**EXERCISE:**
After locating the line that contains "A coy coyote" in the following entries, reproduce it and each later line exactly, including the last.

*** Opening SOURCE MATERIAL ***

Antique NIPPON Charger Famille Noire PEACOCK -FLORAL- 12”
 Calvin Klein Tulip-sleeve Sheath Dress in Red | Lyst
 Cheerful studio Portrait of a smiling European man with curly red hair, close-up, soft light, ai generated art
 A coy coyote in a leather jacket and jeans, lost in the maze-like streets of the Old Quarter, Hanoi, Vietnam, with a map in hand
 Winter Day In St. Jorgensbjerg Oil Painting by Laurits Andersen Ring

*** Closing SOURCE MATERIAL ***

**YOUR SOLUTION:**
 A coy coyote in a leather jacket and jeans, lost in the maze-like streets of the Old Quarter, Hanoi, Vietnam, with a map in hand
 Winter Day In St. Jorgensbjerg Oil Painting by Laurits Andersen Ring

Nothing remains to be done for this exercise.